In line with the growth of the electric vehicle or EV market, the EV battery market is also developing fast. Batteries are one of the key parts of electric cars. Described as “a second semiconductor” and “the next-generation growth engine,” the battery business is expected to benefit greatly from the growth of the EV industry. This trend was well evidenced in keen public attention to Tesla’s “Battery Day” on September 22, as the U.S. EV giant’s new technology will have a major impact on the global battery and automobile industries. 


Here is Professor Kim Pil-soo(김필수) at the Department at Automotive Engineering at Daelim University College to examine the fierce competition to dominate the global EV battery market. 


Previously, South Korean battery makers were concerned that Tesla would reveal new technology during the “Battery Day” event. For example, the U.S. electric carmaker might have announced its production plan for a million-mile battery. It was also expected to unveil specific plans to cut the battery price and to manufacture batteries on its own. Contrary to prior expectations, though, none of these plans were announced at the event. 

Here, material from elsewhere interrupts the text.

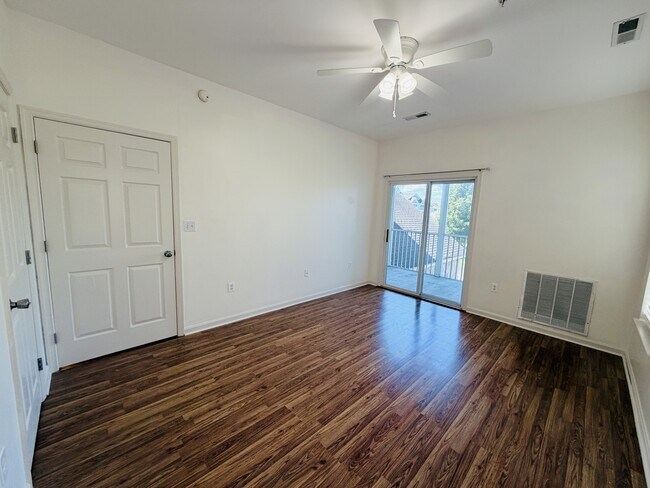 Building Photo - 3802 N Sagamore Dr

This is good news for Korea’s three major battery producers, because the global market was only reminded of the fact that it is pretty challenging to improve battery technology, which Korean firms have strength in. 


During the much-touted Battery Day event that was watched online by 270-thousand people around the world, Tesla said it would develop a new battery that would last longer but cost half the price and unveil three years later.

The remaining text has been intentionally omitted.